**Required action**
Print, word for word, the opening line of the data below and every line after it through the line that contains "Rasnov Romania January", but not the pictures.

**Data extract**

※ ※ ※

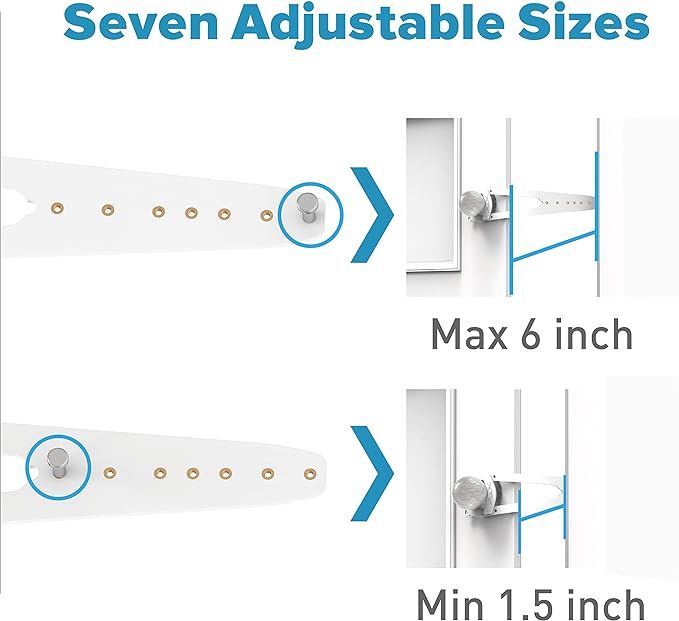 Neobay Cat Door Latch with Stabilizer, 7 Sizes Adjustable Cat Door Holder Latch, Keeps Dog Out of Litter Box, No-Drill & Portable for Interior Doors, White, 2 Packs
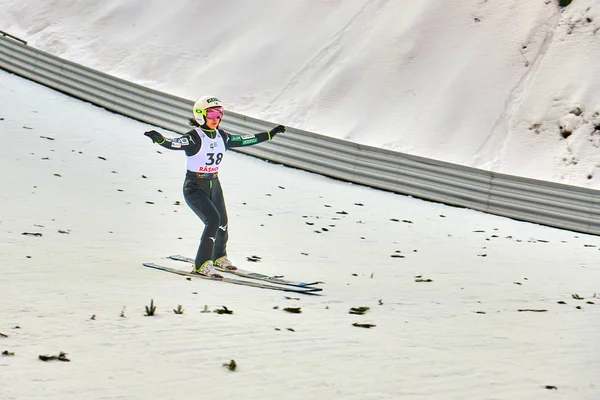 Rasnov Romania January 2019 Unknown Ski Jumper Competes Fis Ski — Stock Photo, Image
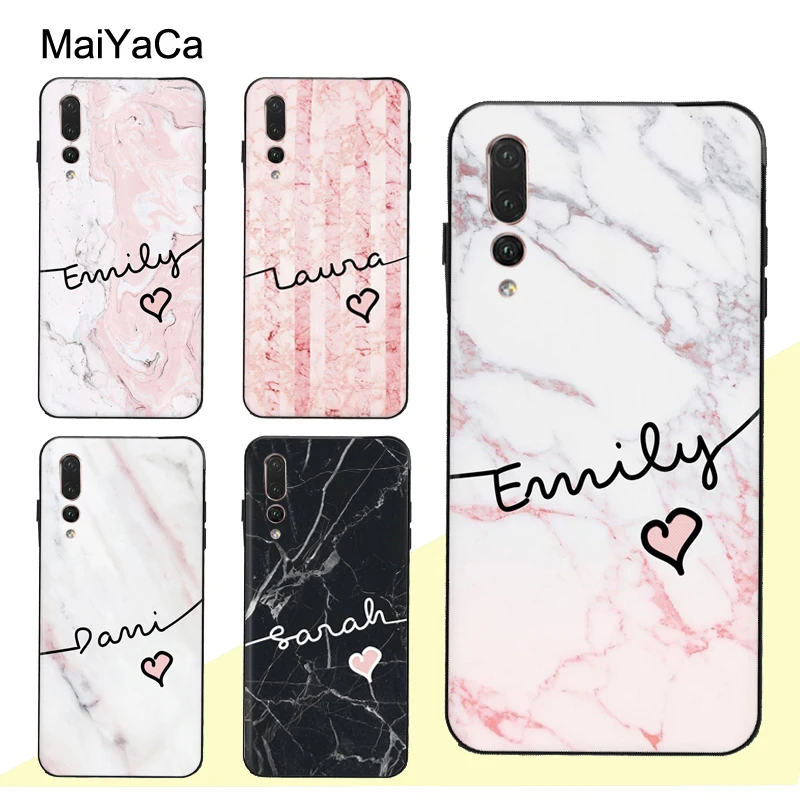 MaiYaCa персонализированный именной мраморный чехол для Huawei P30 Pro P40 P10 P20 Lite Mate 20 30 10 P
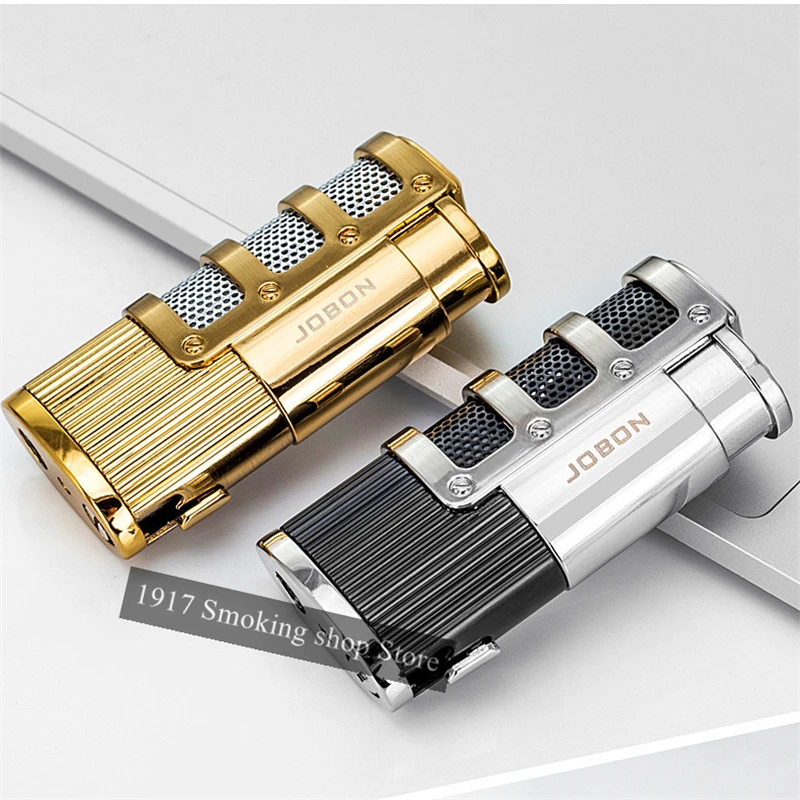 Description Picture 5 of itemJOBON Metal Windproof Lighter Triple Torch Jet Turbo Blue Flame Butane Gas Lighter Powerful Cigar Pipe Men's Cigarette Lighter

※ ※ ※

**The completed task**
 Neobay Cat Door Latch with Stabilizer, 7 Sizes Adjustable Cat Door Holder Latch, Keeps Dog Out of Litter Box, No-Drill & Portable for Interior Doors, White, 2 Packs
 Rasnov Romania January 2019 Unknown Ski Jumper Competes Fis Ski — Stock Photo, Image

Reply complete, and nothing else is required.